Exercise |
Pull out every line below that contains the word "Luxury".
..............................
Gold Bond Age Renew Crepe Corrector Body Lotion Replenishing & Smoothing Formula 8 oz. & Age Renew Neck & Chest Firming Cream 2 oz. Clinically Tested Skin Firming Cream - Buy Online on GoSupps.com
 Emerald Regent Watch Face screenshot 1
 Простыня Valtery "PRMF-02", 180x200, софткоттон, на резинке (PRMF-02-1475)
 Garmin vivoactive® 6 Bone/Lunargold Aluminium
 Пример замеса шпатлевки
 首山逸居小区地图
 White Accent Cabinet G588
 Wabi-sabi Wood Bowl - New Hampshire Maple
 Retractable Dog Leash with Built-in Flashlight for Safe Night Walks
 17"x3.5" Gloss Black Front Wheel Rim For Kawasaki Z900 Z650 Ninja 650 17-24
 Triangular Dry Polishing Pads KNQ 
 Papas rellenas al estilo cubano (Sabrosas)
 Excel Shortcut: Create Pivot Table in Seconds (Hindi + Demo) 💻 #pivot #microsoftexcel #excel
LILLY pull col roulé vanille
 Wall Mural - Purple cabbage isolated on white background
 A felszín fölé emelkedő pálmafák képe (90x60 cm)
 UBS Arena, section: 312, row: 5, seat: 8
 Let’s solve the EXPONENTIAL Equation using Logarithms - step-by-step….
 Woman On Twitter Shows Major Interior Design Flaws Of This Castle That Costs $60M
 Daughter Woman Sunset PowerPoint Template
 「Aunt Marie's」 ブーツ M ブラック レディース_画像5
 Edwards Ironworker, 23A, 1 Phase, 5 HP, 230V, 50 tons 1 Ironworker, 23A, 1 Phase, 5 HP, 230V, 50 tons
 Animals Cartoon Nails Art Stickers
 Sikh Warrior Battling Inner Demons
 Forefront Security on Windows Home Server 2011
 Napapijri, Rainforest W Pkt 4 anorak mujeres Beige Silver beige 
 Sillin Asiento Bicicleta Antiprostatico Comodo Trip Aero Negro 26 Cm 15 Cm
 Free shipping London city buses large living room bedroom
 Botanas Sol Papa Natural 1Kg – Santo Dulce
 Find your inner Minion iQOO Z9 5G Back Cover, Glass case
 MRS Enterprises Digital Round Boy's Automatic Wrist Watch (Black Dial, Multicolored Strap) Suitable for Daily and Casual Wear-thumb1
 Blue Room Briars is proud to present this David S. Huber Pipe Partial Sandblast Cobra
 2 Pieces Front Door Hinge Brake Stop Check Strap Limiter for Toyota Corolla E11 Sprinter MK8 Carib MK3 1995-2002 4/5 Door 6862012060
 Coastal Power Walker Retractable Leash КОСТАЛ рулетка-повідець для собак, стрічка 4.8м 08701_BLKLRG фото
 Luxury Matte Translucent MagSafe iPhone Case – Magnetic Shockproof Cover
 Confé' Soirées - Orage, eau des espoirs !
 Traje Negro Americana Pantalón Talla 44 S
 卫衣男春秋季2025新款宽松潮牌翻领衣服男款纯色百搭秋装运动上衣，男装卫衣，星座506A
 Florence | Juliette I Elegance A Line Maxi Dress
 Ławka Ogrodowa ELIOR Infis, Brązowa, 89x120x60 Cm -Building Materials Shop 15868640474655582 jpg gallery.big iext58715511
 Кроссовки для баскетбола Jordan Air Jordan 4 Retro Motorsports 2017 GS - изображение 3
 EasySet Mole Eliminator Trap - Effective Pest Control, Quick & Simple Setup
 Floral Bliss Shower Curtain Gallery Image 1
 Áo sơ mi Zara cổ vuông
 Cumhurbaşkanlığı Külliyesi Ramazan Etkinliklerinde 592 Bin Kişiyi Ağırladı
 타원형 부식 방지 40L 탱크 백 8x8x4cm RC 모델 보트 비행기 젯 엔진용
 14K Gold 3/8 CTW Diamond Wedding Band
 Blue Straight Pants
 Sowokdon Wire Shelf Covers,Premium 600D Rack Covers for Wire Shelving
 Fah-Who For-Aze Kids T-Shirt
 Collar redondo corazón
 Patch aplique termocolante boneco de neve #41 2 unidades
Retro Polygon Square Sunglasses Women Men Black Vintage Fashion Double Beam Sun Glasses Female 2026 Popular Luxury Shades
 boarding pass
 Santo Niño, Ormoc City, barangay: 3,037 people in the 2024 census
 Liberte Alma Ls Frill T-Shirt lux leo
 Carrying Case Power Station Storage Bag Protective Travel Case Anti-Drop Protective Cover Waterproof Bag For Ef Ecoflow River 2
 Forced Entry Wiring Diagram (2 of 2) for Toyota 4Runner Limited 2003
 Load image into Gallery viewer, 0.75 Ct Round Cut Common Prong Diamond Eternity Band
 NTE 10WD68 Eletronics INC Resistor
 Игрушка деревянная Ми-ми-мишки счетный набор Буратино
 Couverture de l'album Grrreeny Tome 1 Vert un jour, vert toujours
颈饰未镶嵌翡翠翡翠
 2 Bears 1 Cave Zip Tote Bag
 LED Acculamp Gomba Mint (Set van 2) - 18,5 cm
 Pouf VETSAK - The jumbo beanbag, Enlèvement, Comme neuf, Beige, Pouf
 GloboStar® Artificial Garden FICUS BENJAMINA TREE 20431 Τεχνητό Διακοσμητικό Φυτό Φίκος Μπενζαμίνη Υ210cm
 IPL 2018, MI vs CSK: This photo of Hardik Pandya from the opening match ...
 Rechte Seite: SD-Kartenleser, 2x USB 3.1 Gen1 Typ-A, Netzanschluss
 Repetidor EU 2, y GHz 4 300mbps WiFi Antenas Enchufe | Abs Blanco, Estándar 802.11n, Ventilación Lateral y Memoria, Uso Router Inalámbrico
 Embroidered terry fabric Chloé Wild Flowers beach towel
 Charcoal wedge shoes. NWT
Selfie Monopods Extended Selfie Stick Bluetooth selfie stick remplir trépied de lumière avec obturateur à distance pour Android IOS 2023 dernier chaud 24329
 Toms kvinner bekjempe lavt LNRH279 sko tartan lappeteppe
..............................
Solution for this problem |
 Luxury Matte Translucent MagSafe iPhone Case – Magnetic Shockproof Cover
Retro Polygon Square Sunglasses Women Men Black Vintage Fashion Double Beam Sun Glasses Female 2026 Popular Luxury Shades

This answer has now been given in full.